A predatory cat that tried to lounge in human territory was subdued by local officials.
On the morning of May 27, a cougar was spotted high up in a tree near the giant peach by the Okanagan Lake waterfront. Responding to the call were local police, conservation officers and city crews.
Ron Johnson, utilities foreman for the city, said he was called to the scene around 7:30 a.m., and showed up to find the conservation service assessing the situation and three police cars blocking the road from passersby.
The conservation officers wanted to shoot the cougar with a tranquilizing rifle, he said, but they weren’t comfortable firing from the ground, which only offered challenging angles.
Johnson said the cougar was so well camouflaged in the tree, that it took a pack of militant ravens to draw attention to it.
“Three ravens mercilessly attacking this cougar in the tree, that’s what drew the attention of the dog-walker (who initially reported the cougar),” he said. “You’d never have looked up and seen him – I had to get someone to point out exactly where he was.”
To get a better position, the conservation service asked if the city had a bucket truck – which they do, and Johnson got on the radio to call it over.
“One conservation officer went up in the bucket truck until he was almost level with the cougar, so he was shooting flat out of the bucket,” he said. “Then he shot this cougar in the ass with his dart.”
Johnson said there were about 40 people who were witnessing the event, but they were all safely kept behind a police barricade on the other side of the street.
After the cougar was shot, it’s first reaction was a minor flinch, Johnson said, and the crowd seemed to think it would simply pass out up in the tree.

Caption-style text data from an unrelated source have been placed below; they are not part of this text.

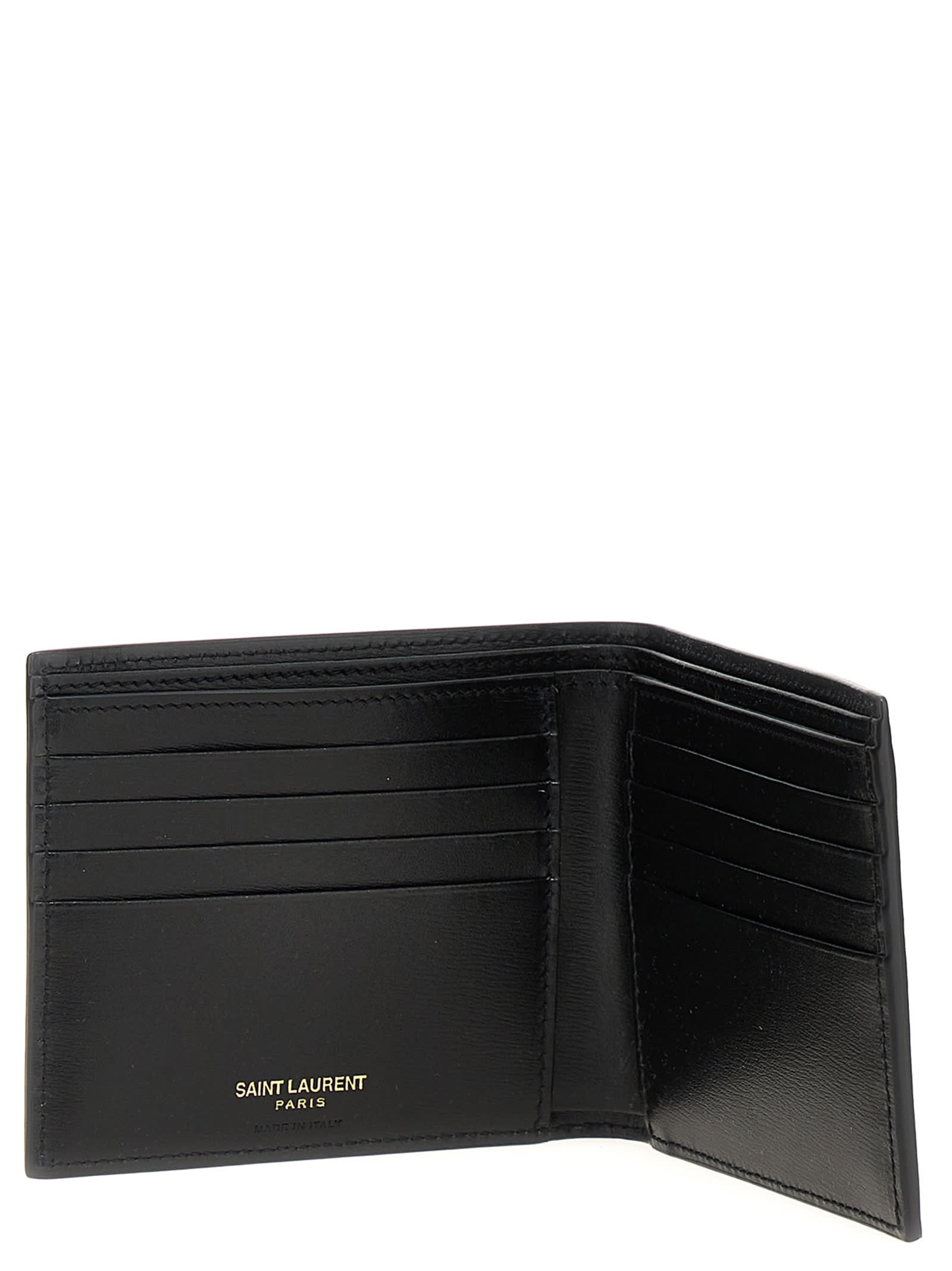 Shop Saint Laurent East/west Wallet In Black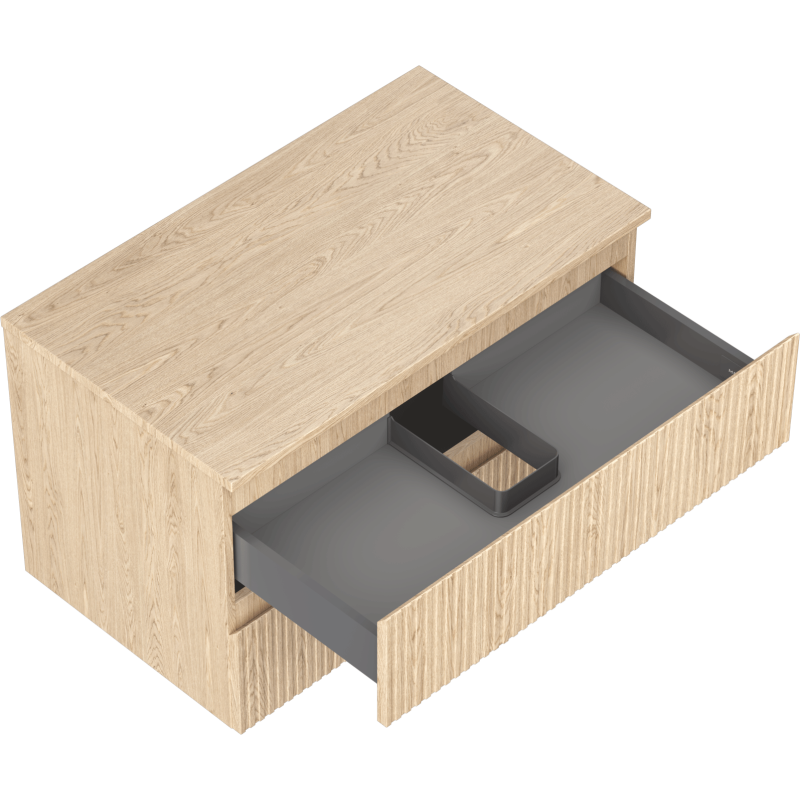 Mexen Rivel Bathroom Cabinet 80 cm with Countertop, 2 Drawers, Grooved, Oak - 91A20-08047-2-BFFC81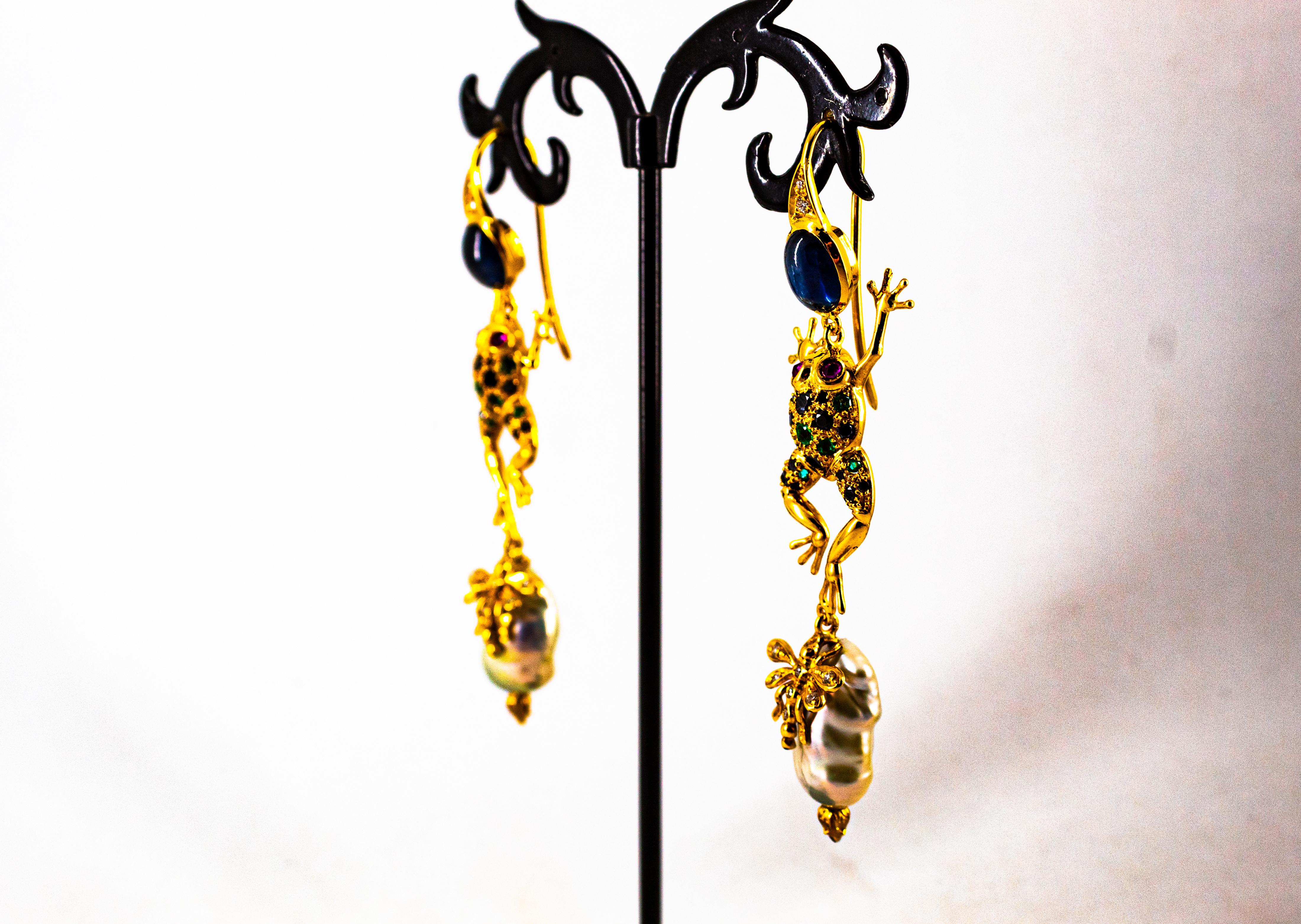White Black Diamond Emerald Blue Sapphire Ruby Pearl Yellow Gold Drop Earrings For Sale 4
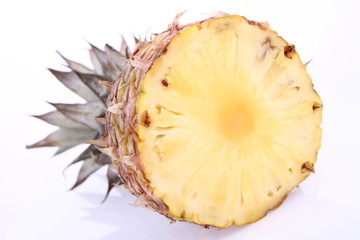Half of a Pineapple on white background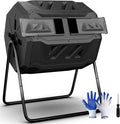 SUPER DEAL Outdoor Compost Tumbler 43 Gallon Dual Chamber BPA Free Large Compost Bin 360° Rotating Tumbling Composter for Garden Yard Black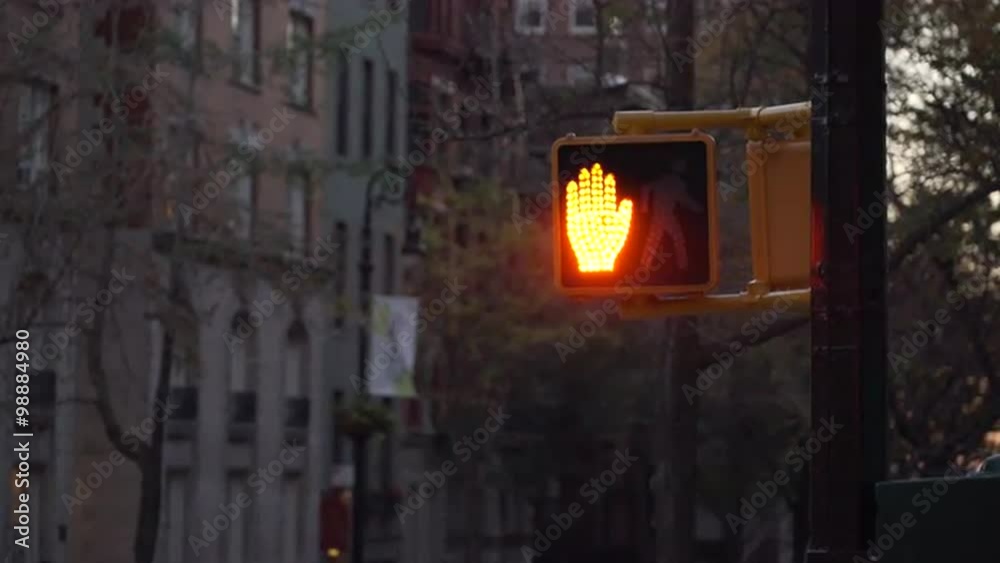 Watching a New York City stop walk sign as it changes.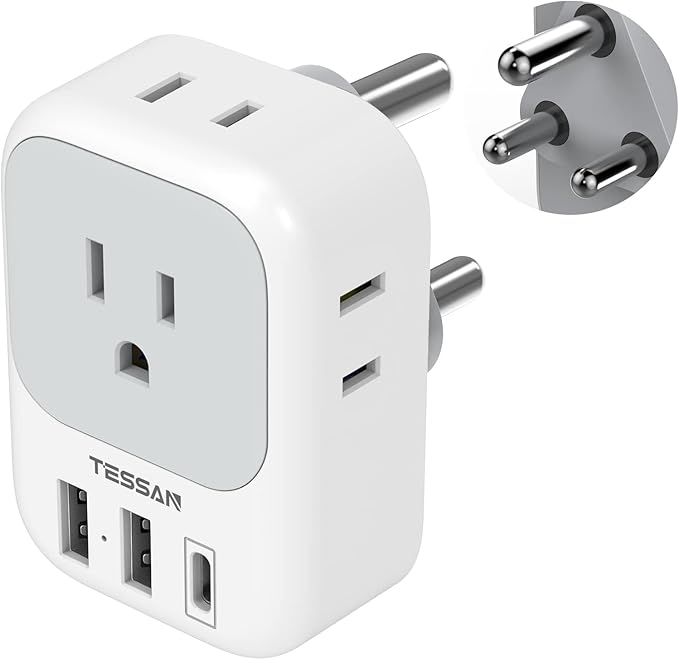 TESSAN South Africa Power Adapter, Type M Plug Adaptor with 4 American Outlets 3 USB Charger (1 USB C Port) for US to Bhutan Botswana Namibia Nepal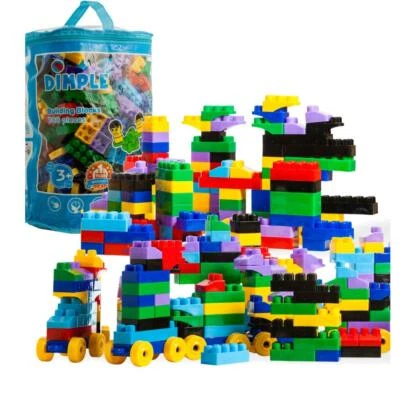 Dimple 600-Piece Soft Kid-Friendly Multi-Colored Building Blocks Set w/ Train - Image 1 of 4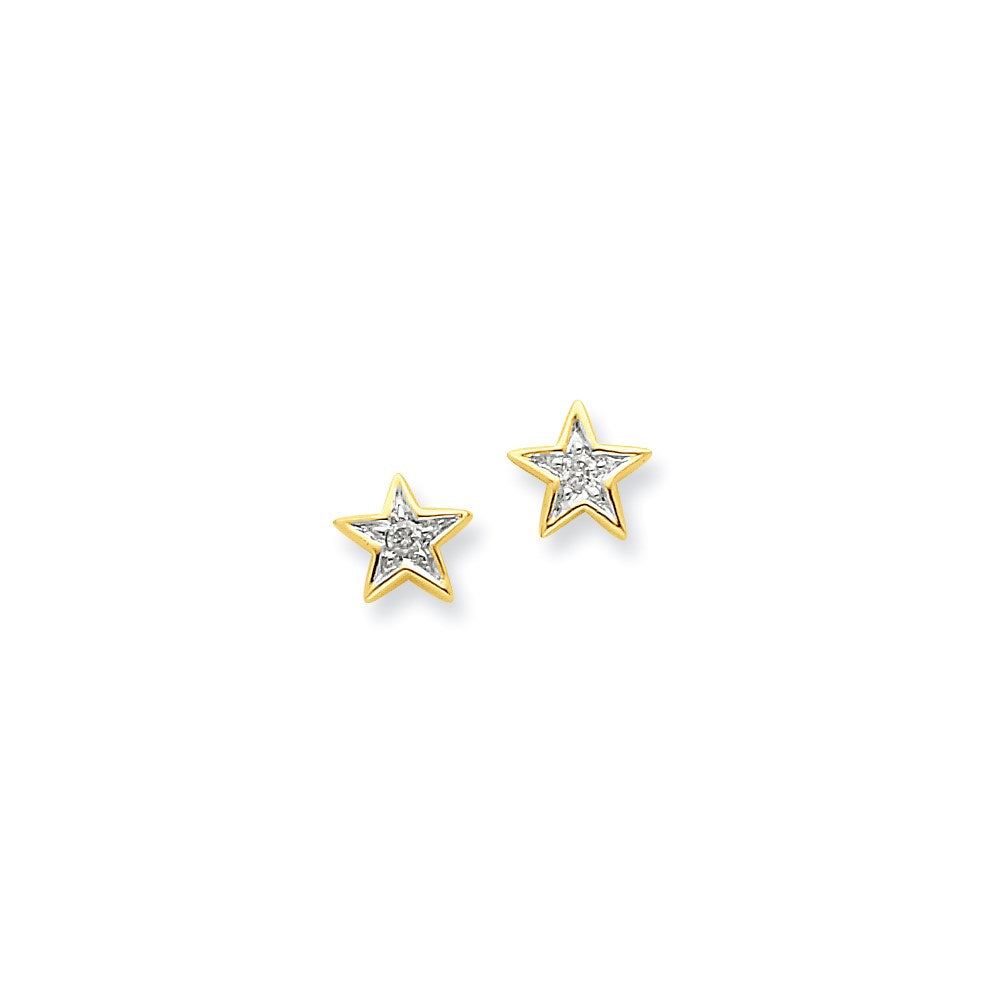 14K Gelbgold Diamant-Stern-Ohrstecker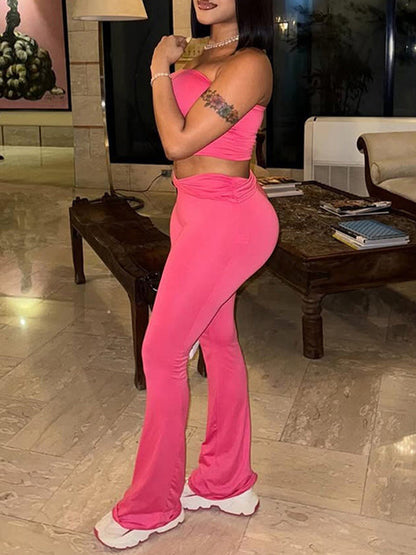 Solid Tube Top & Flared Pants Set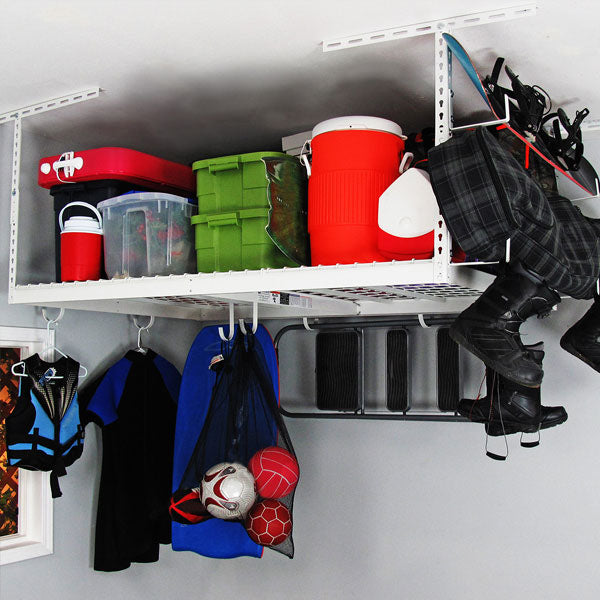 saferacks overhead garage storage rack with boards, bins and sports equipment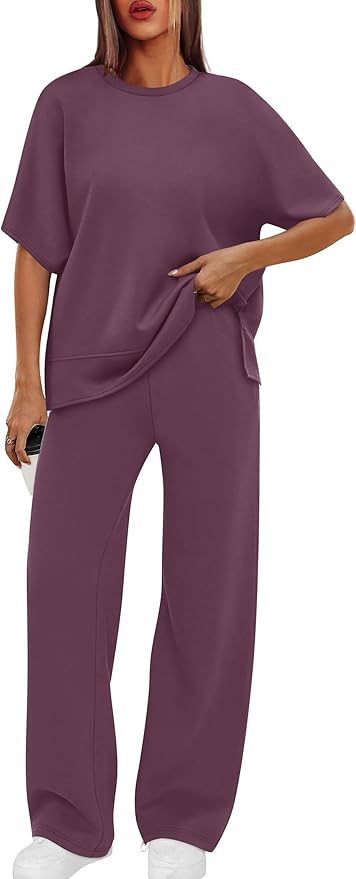XIEERDUO Women's Side Slit Lounge Sets 2 Piece Travel Outfits Airport Tracksuit Oversized Wide Leg Loungewear S-3XL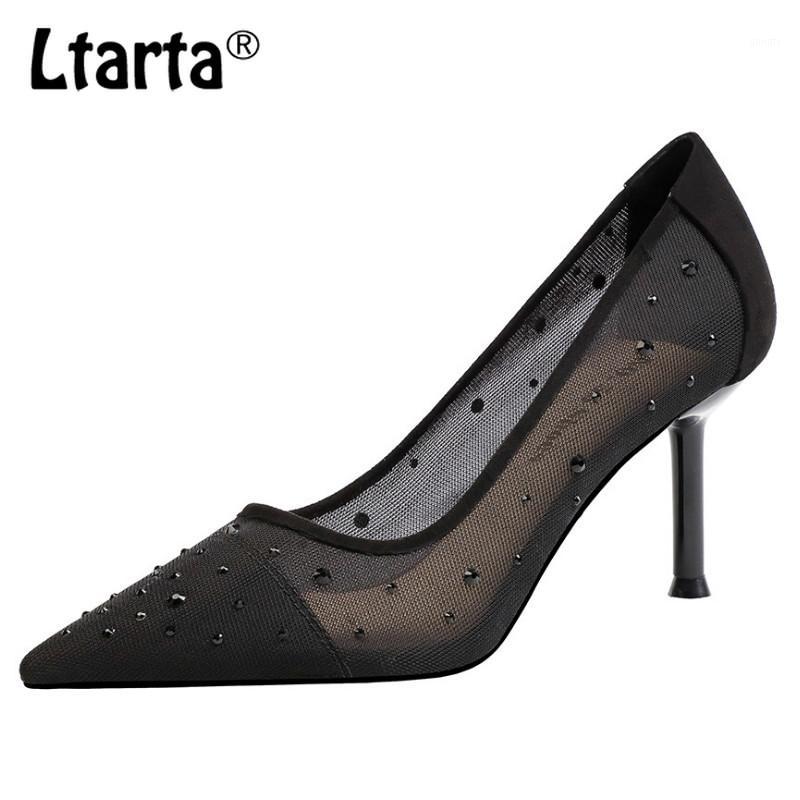 

LTARTA 7.5CM 2020 Summer Fashion Pointed Rhinestone Mesh High Heels Shallow Mouth Breathable Banquet Women's Shoes LSJ1, Black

“Then about 20 seconds after he got hit, he started to climb down out of the tree, and then he jumped and was on the ground.”
Once grounded, the cougar ran away from the area near the giant peach, past the Penticton Lakeside Resort and Casino and into Okanagan Lake Park, Johnson said, adding that there were no people in its path.
“By that time the tranquillizer had taken effect because he was running in an S, not running straight.”
The cougar was almost halfway through the park when its rear legs gave out, then it determinedly began dragging itself with its front legs. Once it was about three-quarters across the park, it had stopped moving completely, he said.
“It was pretty impressive how fast that drug they used took effect.”
From there, a police officer approached the cat, handcuffed the rear legs, and threw a blanket over it.
“Then they picked him up, put him in a truck, and that was it. Not a minute had passed between the dart firing and then handcuffing.”
He said that armed police officers were standing by in case the situation ended up posing a more serious threat.
“They were prepared in case something went wrong, but it didn’t.”
Johnson met a German couple on vacation who witnessed the ordeal, and they were shocked by the experience.
“I can’t believe what I just saw,” Johnson recalled. “I guess it doesn’t happen in Germany – well it doesn’t happen around here either, I’ve lived here a long time and never seen it.”
Johnson said the conservation team suspects the cougar was just born last spring. He said it seemed healthy – relatively light but not thin; it had a body about four feet long; a 3.5 foot-long tail and a beautiful coat of fur.
“It could have been out looking for new territory but who knows – no one knows why (it was roaming around town).”